Рёв марала заставил обратить внимание суетящихся внизу кавалеристов на нас и послужил сигналом к атаке.
- Вперед!!! - Заорал я, превращая посох в глефу, и уже спокойнее добавил в чате:
«Щиты! Все кастуйте щиты на переднюю шеренгу».
Да, атака всадников с возвышенности неуправляема. Да, они превращаются в камикадзе, если решаются на подобный маневр. Только все это относится к обычным милишникам, а мы - монахи, которые могут не только махать копьём, но и колдовать.
Столкновение было ужасным. Сила удара была такова, что несмотря на все наложенные защитные заклинание, бойцы первой шеренги вылетели из седел, только Харальд остался верхом. Однако главная задача была выполнена - все вражеские рыцари попадали на землю и контуженные вяло шевелились в грязи, напоминая крабов в своей броне. Встать им не позволили копыта наших коней, которые в следующую секунду превратили в фарш то что должны были защищать надёжные латы.
Мы обрушились на ошалевших лёгких кавалеристов, будто соколы, пикирующие на мирно крякающих уток. Первого своего противника я заколол, второго - сбил с лошади ударом древка глефы по голове, а оказавшись в тесноте, разделил глефу на две равные части, превратил каждую в меч и принялся яростно рубиться.

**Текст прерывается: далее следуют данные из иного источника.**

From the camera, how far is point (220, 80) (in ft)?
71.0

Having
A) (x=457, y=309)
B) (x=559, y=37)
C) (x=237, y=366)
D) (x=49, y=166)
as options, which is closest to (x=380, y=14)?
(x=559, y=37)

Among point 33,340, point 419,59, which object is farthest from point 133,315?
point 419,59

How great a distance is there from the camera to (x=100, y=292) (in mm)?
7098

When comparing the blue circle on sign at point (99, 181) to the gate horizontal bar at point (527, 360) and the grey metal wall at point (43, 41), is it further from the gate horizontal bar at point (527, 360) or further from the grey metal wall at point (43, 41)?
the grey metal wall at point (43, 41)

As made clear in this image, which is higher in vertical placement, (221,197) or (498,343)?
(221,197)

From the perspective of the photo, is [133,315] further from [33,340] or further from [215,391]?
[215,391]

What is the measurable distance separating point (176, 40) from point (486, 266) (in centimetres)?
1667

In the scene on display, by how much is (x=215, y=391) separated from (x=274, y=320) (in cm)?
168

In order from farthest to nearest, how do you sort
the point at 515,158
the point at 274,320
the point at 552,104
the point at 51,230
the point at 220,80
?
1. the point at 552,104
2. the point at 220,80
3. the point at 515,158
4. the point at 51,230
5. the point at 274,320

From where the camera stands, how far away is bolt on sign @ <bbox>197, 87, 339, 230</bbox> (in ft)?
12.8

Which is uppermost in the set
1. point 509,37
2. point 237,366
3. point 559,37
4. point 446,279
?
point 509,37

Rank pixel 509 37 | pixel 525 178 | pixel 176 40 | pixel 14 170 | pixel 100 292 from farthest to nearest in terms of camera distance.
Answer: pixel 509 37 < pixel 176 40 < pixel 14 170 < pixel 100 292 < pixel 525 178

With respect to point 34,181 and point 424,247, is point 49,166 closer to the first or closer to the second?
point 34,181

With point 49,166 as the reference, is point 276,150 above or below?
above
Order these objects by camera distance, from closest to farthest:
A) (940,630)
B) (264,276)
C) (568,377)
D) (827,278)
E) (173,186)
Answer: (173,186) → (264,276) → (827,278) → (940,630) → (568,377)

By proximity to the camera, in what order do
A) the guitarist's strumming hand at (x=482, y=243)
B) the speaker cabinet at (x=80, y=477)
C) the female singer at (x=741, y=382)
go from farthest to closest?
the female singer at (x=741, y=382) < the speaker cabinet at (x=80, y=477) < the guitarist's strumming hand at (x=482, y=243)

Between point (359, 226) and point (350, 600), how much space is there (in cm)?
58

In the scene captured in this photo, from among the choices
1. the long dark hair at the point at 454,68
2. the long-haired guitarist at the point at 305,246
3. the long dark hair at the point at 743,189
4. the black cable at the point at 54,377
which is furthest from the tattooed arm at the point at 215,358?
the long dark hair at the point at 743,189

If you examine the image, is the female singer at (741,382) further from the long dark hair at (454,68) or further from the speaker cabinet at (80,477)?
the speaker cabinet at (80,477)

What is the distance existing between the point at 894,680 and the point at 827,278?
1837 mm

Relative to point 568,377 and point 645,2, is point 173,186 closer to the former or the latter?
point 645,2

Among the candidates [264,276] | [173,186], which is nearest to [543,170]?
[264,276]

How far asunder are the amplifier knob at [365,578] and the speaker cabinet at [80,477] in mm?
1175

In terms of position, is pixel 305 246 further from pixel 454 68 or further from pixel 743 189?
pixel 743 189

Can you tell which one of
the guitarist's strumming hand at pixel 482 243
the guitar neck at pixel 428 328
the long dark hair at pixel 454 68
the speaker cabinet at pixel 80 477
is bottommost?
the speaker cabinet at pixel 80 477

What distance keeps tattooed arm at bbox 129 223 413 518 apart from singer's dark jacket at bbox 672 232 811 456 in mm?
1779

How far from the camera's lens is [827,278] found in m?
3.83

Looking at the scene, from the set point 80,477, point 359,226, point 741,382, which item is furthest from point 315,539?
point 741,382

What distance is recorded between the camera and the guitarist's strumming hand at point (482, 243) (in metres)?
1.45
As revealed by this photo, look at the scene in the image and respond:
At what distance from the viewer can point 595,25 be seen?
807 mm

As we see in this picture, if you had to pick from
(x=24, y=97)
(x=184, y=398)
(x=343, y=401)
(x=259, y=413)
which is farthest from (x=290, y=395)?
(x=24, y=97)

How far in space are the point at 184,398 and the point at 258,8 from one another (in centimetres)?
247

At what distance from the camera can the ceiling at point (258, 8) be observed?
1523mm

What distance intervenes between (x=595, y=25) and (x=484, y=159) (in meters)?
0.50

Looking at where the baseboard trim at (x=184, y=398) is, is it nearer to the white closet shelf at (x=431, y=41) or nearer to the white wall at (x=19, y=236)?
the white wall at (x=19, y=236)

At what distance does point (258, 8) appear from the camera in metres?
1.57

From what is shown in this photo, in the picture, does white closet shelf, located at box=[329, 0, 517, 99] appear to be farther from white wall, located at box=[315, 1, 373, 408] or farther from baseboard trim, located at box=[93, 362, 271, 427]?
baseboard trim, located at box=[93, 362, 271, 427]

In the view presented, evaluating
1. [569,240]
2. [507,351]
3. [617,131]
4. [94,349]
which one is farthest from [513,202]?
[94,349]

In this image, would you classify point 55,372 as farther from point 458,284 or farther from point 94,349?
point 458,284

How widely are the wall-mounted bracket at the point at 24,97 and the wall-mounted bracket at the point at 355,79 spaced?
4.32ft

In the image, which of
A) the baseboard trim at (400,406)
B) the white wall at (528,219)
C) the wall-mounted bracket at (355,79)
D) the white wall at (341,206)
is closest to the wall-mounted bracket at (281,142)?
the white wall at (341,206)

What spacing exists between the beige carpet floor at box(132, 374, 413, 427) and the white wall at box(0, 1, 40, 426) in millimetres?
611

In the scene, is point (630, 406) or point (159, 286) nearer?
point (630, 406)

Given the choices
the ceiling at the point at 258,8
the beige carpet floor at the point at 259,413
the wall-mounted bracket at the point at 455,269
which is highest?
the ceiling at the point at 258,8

Сбоку кто-то упал... Если ранен, под конскими копытами не выжить, и я послал скакуна вперёд и влево, чтоб не топтать своего. Вплотную возле меня оказался противник с трилистником на щите, даже для замаха мечом места было мало, но я не растерялся - перехватил за руку нападавшего и вздыбил лошадь, выдёргивая всадника из седла. Следующий попытался ударить меня копьём (ну не дурачок ли? в эдакой-то тесноте), я спокойно уклонился и вонзил меч ему в глотку.

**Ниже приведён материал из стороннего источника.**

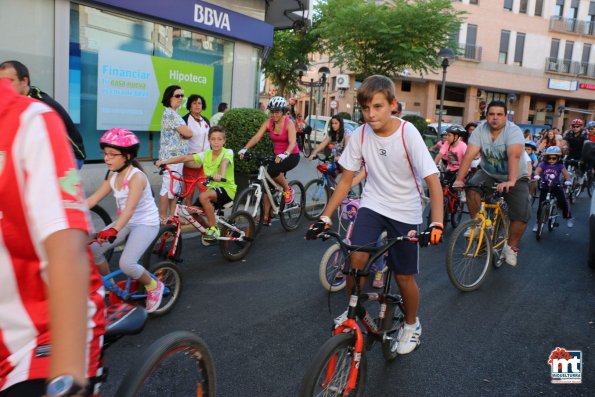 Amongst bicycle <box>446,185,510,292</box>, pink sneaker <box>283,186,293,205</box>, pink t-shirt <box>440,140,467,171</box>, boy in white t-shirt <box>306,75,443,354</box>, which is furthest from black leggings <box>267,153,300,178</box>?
boy in white t-shirt <box>306,75,443,354</box>

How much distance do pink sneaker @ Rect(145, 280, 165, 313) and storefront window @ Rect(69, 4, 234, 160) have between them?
19.7 ft

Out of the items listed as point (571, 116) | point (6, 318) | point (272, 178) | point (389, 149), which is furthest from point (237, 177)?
point (571, 116)

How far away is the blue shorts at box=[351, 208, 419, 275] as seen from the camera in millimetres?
3361

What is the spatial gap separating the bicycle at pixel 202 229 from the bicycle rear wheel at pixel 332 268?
1.24 meters

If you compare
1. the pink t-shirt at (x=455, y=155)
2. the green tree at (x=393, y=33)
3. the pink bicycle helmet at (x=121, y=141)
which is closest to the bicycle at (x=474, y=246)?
the pink bicycle helmet at (x=121, y=141)

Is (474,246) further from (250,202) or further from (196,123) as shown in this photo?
(196,123)

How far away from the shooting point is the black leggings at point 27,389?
1192mm

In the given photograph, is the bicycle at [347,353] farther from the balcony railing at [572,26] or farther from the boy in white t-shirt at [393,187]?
the balcony railing at [572,26]

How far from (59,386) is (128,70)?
9.57 m

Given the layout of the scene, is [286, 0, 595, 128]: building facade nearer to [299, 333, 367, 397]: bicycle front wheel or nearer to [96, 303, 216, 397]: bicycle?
[299, 333, 367, 397]: bicycle front wheel

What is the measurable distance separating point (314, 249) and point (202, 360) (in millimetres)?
4664

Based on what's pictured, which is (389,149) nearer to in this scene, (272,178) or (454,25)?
(272,178)

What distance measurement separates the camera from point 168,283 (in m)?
4.47

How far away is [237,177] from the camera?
30.1 feet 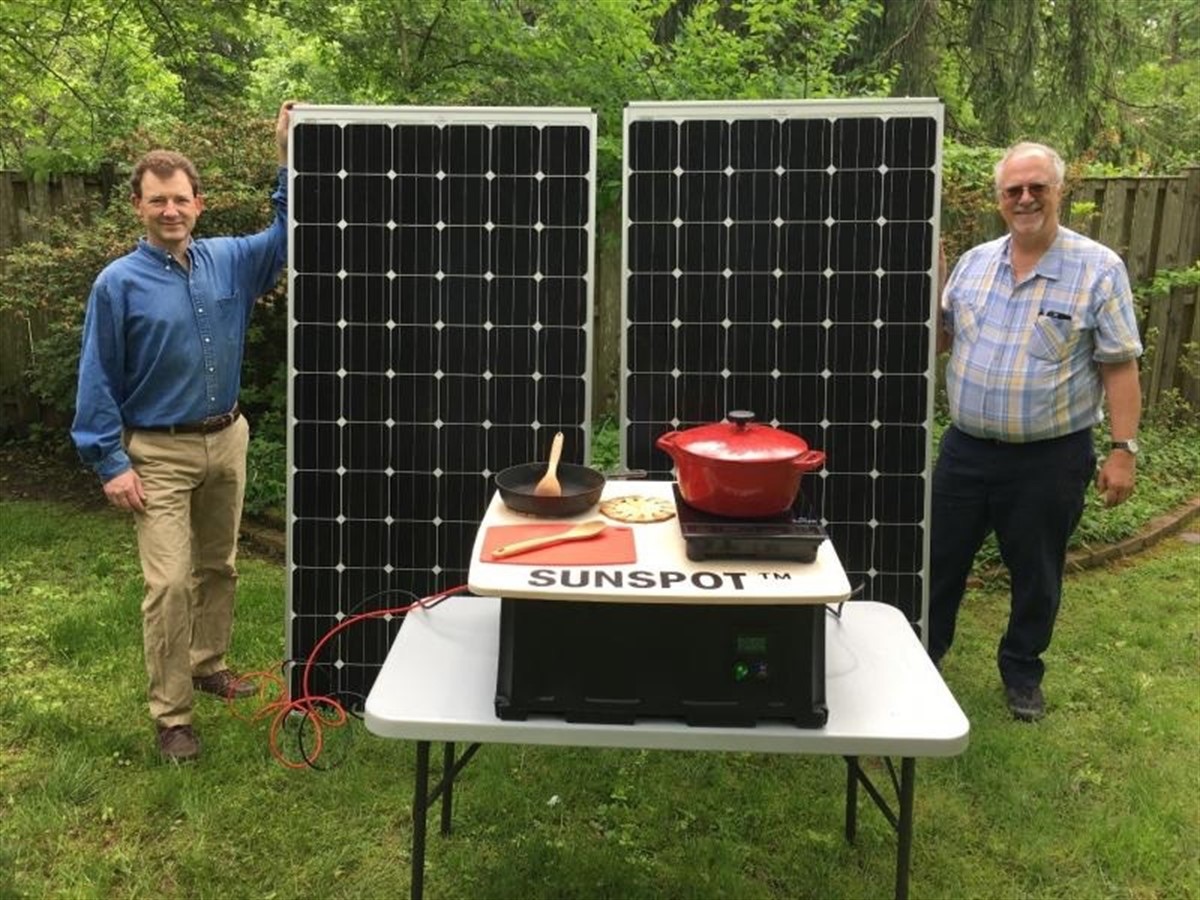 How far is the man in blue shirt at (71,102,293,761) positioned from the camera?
3713 millimetres

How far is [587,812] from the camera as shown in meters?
3.71

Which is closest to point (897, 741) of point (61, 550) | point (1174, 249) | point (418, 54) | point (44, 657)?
point (44, 657)

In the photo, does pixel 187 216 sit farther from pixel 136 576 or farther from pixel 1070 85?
pixel 1070 85

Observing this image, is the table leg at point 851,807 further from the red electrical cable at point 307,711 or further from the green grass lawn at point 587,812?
the red electrical cable at point 307,711

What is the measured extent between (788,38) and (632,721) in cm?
750

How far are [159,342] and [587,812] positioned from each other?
2276mm

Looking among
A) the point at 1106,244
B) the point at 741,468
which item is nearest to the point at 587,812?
the point at 741,468

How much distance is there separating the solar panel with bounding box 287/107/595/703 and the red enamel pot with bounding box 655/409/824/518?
1311mm

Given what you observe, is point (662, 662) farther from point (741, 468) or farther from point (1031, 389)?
point (1031, 389)

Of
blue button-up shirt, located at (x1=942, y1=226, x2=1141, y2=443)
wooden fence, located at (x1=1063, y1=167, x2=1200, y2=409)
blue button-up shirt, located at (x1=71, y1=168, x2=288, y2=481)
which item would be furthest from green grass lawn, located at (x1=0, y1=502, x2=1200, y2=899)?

Сдавленные между рекой, холмом, конницей и пехотой, вражеские кавалеристы повели себя не умнее баранов в загоне: бестолково толкались, мешая друг другу. Задние, не понимая, что творится впереди, продолжали лезть в ловушку, те, кто были в середине, не только не могли пустить коней в атаку на противника, но даже поворачивались к нему с большим трудом, а передних свои же намертво прижали к нам. Это ещё не было победой, но она уже отчётливо маячила впереди.
Наконец-то до всех лёгких кавалеристов дошло: впереди ждёт только смерть. Им не хотелось умирать, это была не их война и, развернув лошадей, всадники ломанулись назад, прямо через строй своих пехотинцев...
Находясь в гуще схватки, Сигихард Бадвин не мог видеть, что произошло, но по раздавшимся сбоку крикам понял, что мисальдер повёл в бой кавалерию. В успехе их предприятия полковник не сомневался: он не раз видел, как численный перевес из залога победы превращается в причину поражения. Атакованные бунтовщики перепугались и растерялись, но перепуганный и растерянный противник может натворить немало бед, если позволить ему прорваться. Да, часть вражеских солдат повернёт назад через многострадальную мель, кто-то влетит в болото, но те, кому отступать некуда, будут пробивать стену лбом, благо стена не столь уж и толстая.
Сейчас главное не отступать и держать линию. Хвала богам Прайма и всем Пластам Мирозданья, его люди это понимают... Ага, «Стальные Бороды» поперли со всей силы! Ничего, надолго вас не хватит, надо думать, монахи положили немало народа и остатки кавалерии отступают, выдавливая пехоту. Будь у «Бород» немногим лучше экипировка... окованные металлом копья и выкованные гномами доспехи... Фаланге бы не устоять. Это мисальдер, после каждой битвы, всю лучшую экипировку, доставшуюся ордену в качестве трофеев, передавал в Фалангу. По качеству снаряжения его бойцы могли соперничать с рыцарями, а Шиманьский снабжал пехотинцев второсортными вещами. За время боя Бадвин изрядно устал и теперь берег силы, позволяя себе бить лишь наверняка.